## What you are asked to do
Write out, without any change, the lines in the material below that run from the line with "Xmas-mad barrister spends" through the line with "A young dark-haired", both included.

## Data records

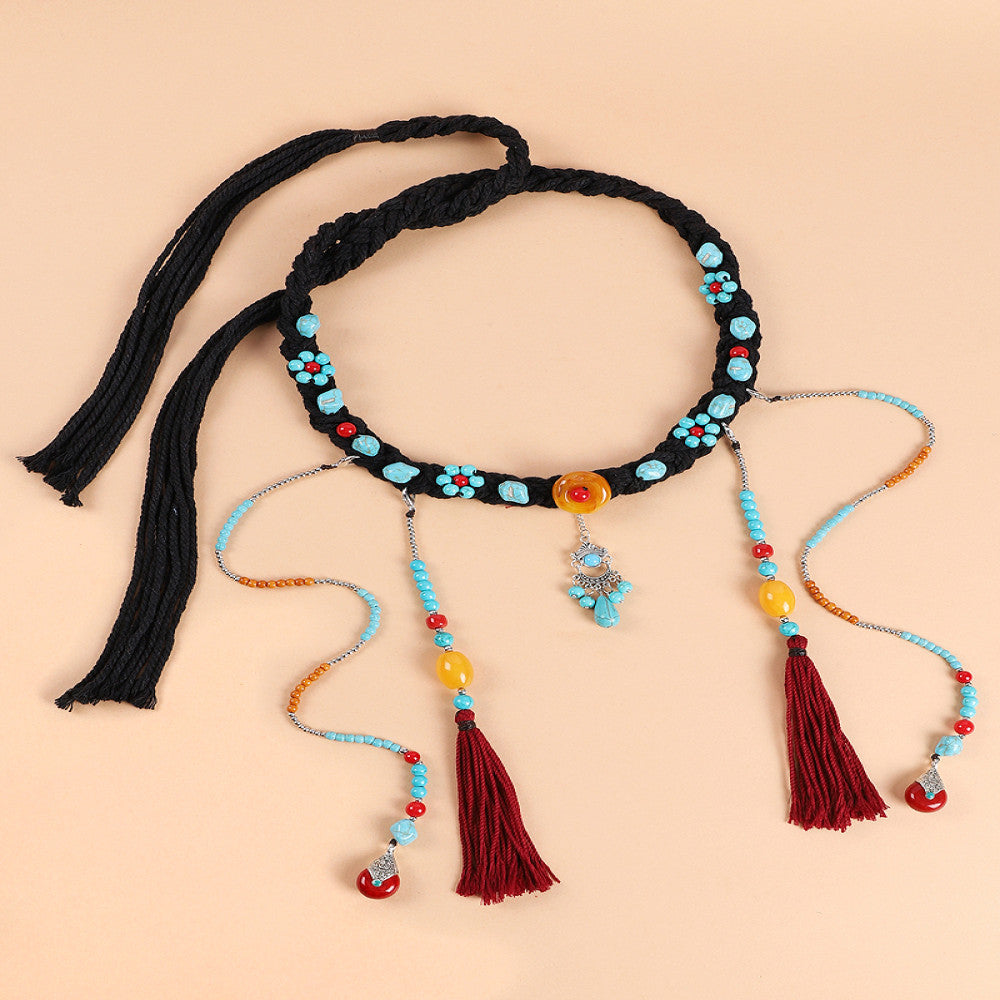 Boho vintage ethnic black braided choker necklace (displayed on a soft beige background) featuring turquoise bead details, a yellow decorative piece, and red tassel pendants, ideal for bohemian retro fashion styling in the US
...
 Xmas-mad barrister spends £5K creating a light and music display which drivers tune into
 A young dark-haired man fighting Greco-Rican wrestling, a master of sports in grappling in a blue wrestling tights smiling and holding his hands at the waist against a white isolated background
...
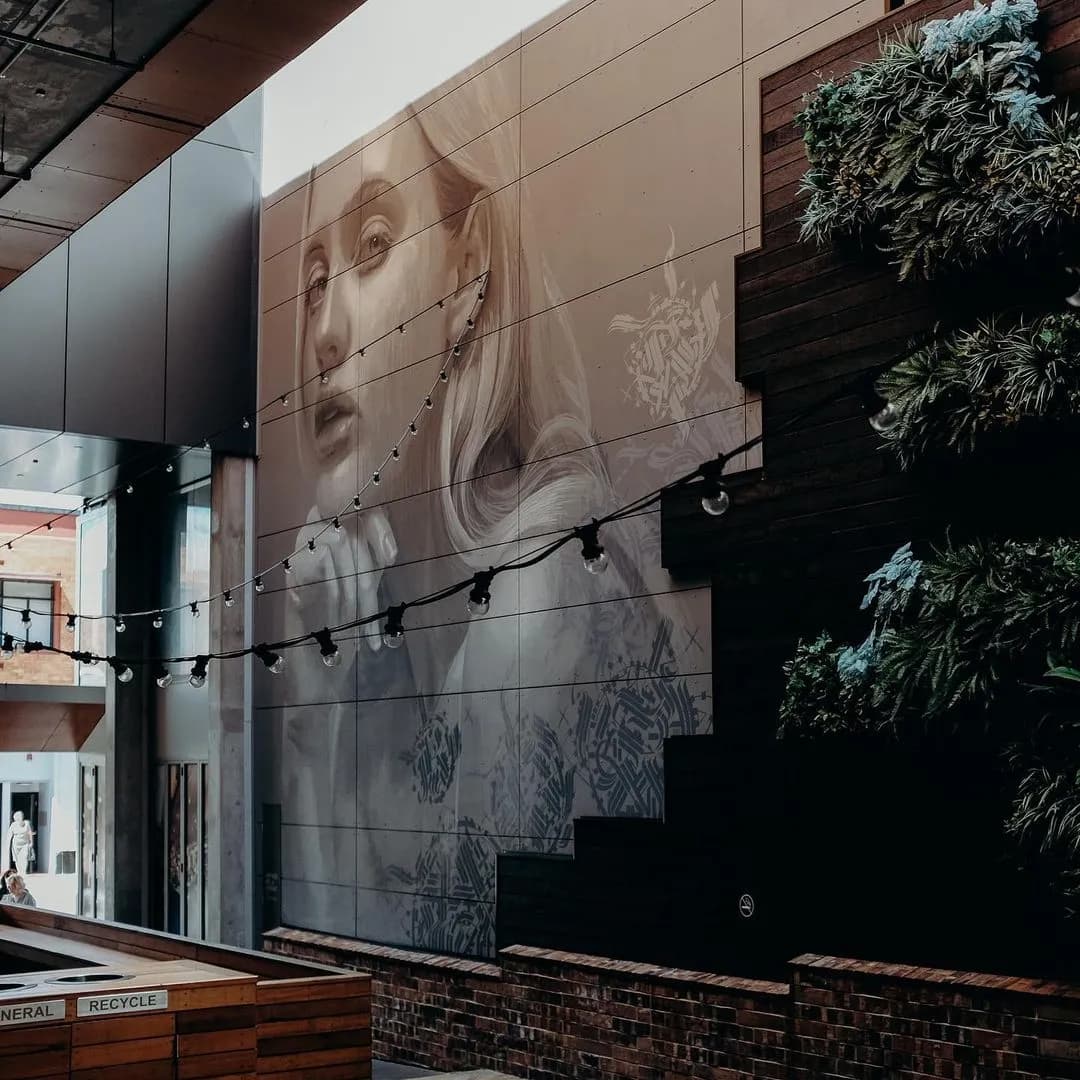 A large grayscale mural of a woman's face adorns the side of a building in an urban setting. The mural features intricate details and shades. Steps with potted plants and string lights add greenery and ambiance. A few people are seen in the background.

## Solution for this problem
 Xmas-mad barrister spends £5K creating a light and music display which drivers tune into
 A young dark-haired man fighting Greco-Rican wrestling, a master of sports in grappling in a blue wrestling tights smiling and holding his hands at the waist against a white isolated background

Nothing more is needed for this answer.